Dis/Integration al Carlo Felice così la fragilità diventa arte

Nel foyer del teatro le opere dei laboratori della Comunità di Sant'Egidio. Una riflessione sull'emarginazione vista da dentro

Mi guardano male perché parlo male e cammino male. Allora io li guardo bene. È questa la frase preferita di Delia: una delle scritte sui gradini che conducono alla mostra Dis/Integration, fino a domani nel foyer del Teatro Carlo Felice.
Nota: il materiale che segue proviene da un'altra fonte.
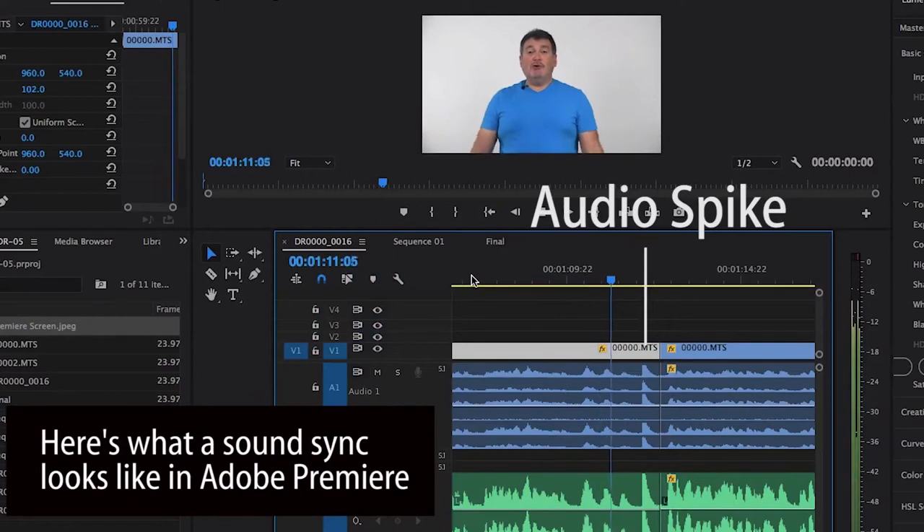Before you do anything else, you need to have something to sync your audio together when you bring it to software. You've probably seen those slates where they clap them — that's what creates a spike. If you don't have a slate, here's an easy way to do it. One, two, three.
Ma l'esposizione delle opere degli artisti dei Laboratori d'arte della Comunità di Sant'Egidio, curata dall'artista di fama internazionale César Meneghetti (le sue opere sono state alla Biennale di Venezia, al Maxxi, al Vittoriano) è più di una serie di quadri. È una riflessione sull'emarginazione, la diseguaglianza, la fragilità: vista da dentro. Vissuta, sperimentata. Come quelle frasi, scritte sulla pelle degli artisti.
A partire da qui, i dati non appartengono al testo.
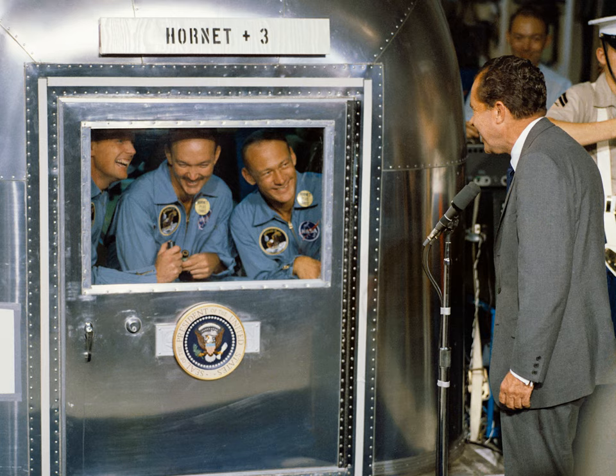But they also used simulated backpacks for training. Image from the book 'Science Training History of the Apollo Astronauts'.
E di Delia Gugole, e di Matteo Dominelli, che a Genova frequentano i laboratori artistici di Sant`Egidio e qui ci fanno da guida. «Ho conosciuto i laboratori attraverso il mio amministratore di 
sostegno - racconta Delia - a gennaio dell'anno scorso. In un anno, infatti, mi sono morti sia mia mamma che mio papà. E qui ho trovato amicizia: una famiglia». Matteo, invece, li frequentava gà da tanti anni. Gli piace scrivere, mettere su carta le sue riflessioni. Come quelle sulla mostra, dove gli artisti che frequentano i laboratori di Sant'Egidio a Roma - raccontano sulla tela cosa significa l'emarginazione.
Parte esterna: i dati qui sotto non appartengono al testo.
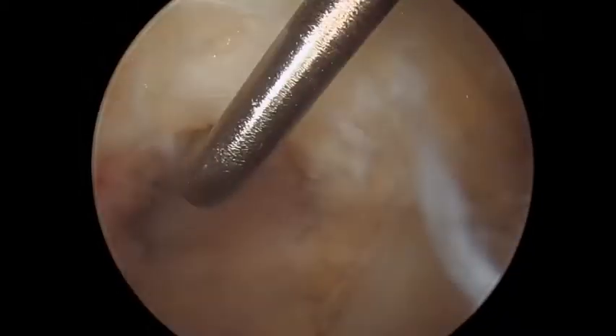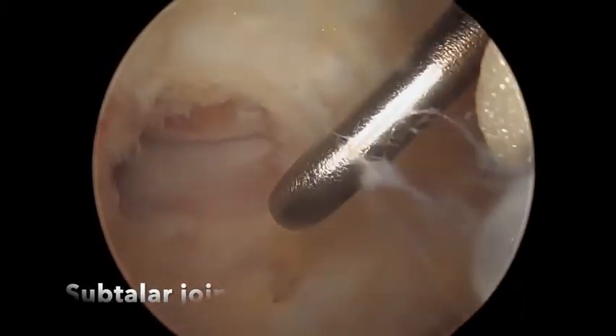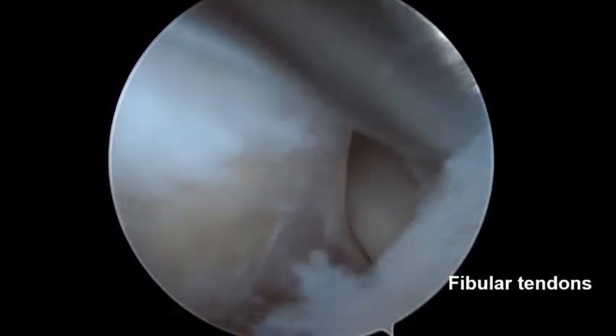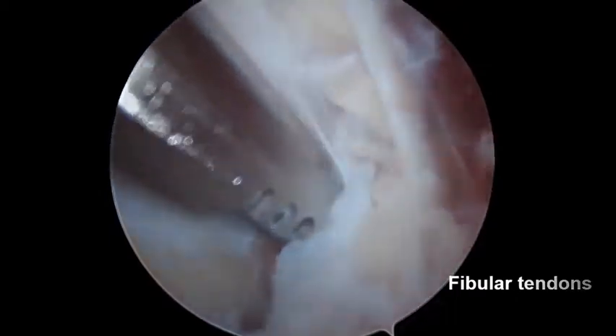Continuing dissection inferiorly, the subtalar joint is visualized, and posteriorly are the fibular tendons. The CFL can be identified using the fibular tendons as reference, as its fibers run adjacent to the tendons. From this point, the CFL fibers can be followed superiorly to its fibular attachment.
Un quadro, Gli esclusi, è fatto con i cartoni dove trovano riparo i senza dimora: incollati ai margini di una tela brulicante di frenesia. Una società che non ha tempo di vederli. Delia, e Matteo, e il centinaio di persone che a Genova frequentano i laboratori artistici della Comunità - uno a Cornigliano, in via Gattorno, e uno in centro, in via San Giorgio - hanno tempi e occhi. «Parliamo di arte, ma anche di attualità. Di quello che pensiamo, delle emozioni che le opere suscitano», spiega Anna Storace, volontaria e anima dei laboratori. Uno dei quadri è l'autoritratto di un giovane profugo afghano, proveniente dal campo di Moria, sull'isola di Lesbo. Durante il viaggio ha perso una gamba. È riuscito ad arrivare a Roma, con la famiglia, attraverso un corridoio umanitario della Comunità di Sant'Egidio. Nel quadro imprime pennellate potenti. C'è il mare, sullo sfondo: lui ha il figlio in braccio, accanto c'è la moglie e l'altro figlio, e ha ancora la gamba.
Ma l'opera preferita di Delia e di Matteo si intitola Prendersi cura, è di Roberto Mizzon e Barbara Piccinini. C'è una donna, in piedi, che ripara sotto il suo mantello un uomo, rannicchiato, fragile. Delia e Matteo ci hanno riflettuto molto. Li colpisce, quel gesto: soprattutto perché lei, per coprire l'altro, rimane scoperta. Dare qualcosa, rinunciare a qualcosa di sé. «Eppure in realtà non ha perso niente, anzi. Non riesco a spiegarlo bene». Ma forse non c'è proprio niente, da spiegare.